● **Scraped caption text data**:
((

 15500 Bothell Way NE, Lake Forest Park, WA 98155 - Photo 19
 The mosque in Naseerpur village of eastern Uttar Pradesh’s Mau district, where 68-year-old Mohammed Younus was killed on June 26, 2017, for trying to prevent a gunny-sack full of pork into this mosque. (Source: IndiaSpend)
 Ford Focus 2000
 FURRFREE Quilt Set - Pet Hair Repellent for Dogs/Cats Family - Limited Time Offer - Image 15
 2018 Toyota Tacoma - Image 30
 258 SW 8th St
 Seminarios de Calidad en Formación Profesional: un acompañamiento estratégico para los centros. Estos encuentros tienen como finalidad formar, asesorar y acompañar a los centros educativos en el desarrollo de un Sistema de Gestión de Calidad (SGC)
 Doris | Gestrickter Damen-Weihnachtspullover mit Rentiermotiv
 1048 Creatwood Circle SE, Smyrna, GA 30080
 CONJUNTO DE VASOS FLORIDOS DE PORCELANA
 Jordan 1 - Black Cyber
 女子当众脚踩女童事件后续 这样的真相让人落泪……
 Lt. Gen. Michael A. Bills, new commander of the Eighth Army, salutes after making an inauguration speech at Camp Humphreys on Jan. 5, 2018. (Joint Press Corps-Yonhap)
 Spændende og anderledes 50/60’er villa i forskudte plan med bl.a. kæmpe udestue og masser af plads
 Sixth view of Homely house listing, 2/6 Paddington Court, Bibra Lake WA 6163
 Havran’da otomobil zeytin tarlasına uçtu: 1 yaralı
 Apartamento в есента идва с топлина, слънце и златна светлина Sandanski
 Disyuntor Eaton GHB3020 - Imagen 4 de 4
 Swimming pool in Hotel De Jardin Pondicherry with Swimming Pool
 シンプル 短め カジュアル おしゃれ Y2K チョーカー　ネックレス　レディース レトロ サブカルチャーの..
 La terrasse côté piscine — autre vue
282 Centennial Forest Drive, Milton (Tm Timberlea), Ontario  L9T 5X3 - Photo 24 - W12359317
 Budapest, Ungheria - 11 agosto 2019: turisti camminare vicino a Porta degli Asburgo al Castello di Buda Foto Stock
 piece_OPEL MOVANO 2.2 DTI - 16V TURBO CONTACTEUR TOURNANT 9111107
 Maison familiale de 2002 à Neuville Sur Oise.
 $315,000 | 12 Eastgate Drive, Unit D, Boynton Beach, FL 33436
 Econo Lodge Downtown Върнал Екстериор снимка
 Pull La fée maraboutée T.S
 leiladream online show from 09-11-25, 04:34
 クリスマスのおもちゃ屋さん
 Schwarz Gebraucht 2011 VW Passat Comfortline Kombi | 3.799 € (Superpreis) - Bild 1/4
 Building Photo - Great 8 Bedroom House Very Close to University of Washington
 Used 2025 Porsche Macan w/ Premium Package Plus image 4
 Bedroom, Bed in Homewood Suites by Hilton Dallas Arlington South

))

● **Task details**: Return, in full, every line of these entries that holds "Photo".

● **Solution to the exercise**:
 15500 Bothell Way NE, Lake Forest Park, WA 98155 - Photo 19
282 Centennial Forest Drive, Milton (Tm Timberlea), Ontario  L9T 5X3 - Photo 24 - W12359317
 Building Photo - Great 8 Bedroom House Very Close to University of Washington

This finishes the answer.